I think this should not be much easier than classical logic synthesis.  The complexity of (not necessarily reversible) logic synthesis is known to be $\sum_2^p$-complete, or likely even harder than being NP-complete assuming the Polynomial Hierarchy doesn't collapse.  Although there are many great heuristics that drive much of VLSI- and ASIC-design nowadays.
In particular, such a permutation can be thought of as a truth-table with $2^n$ rows, each with $n$ input bits and $n$ output bits. We can ignore the first $n-1$ output bits and consider just circuit optimization on the last bit, given the $2^n\times (n+1)$ truth-table. We can use our favorite logic synthesis technique such as Karnaugh maps or the Quine-McCluskey algorithm, etc., to optimize over the right set of gates.

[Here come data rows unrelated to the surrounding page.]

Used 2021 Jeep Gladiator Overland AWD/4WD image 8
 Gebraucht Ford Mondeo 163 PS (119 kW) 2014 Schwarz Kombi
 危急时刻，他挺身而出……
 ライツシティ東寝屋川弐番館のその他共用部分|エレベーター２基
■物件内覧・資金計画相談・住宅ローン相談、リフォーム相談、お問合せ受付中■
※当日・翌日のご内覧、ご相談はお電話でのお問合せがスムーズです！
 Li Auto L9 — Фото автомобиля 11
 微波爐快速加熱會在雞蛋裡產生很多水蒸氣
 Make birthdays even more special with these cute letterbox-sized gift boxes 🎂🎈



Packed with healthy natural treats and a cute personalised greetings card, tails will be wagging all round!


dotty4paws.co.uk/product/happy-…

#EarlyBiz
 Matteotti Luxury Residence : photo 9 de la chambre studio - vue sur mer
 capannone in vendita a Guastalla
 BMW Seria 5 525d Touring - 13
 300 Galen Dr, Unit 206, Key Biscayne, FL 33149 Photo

It may be slightly easier, because we know that the last output bit is $0$ half of the time and $1$ half of the time (while Karnaugh maps and the QM algorithm are indifferent to this). But I suspect it's still likely $\sum_2^p$-hard to find the best circuit reversible circuit, even under the promise that the output bit of the Boolean formula is $0$ half of the time.
If reversible logic synthesis were computationally much easier than irreversible logic synthesis then it might make sense for even classical circuits to implement them.  But Googling "logic synthesis reversible circuits" generates a lot of hits.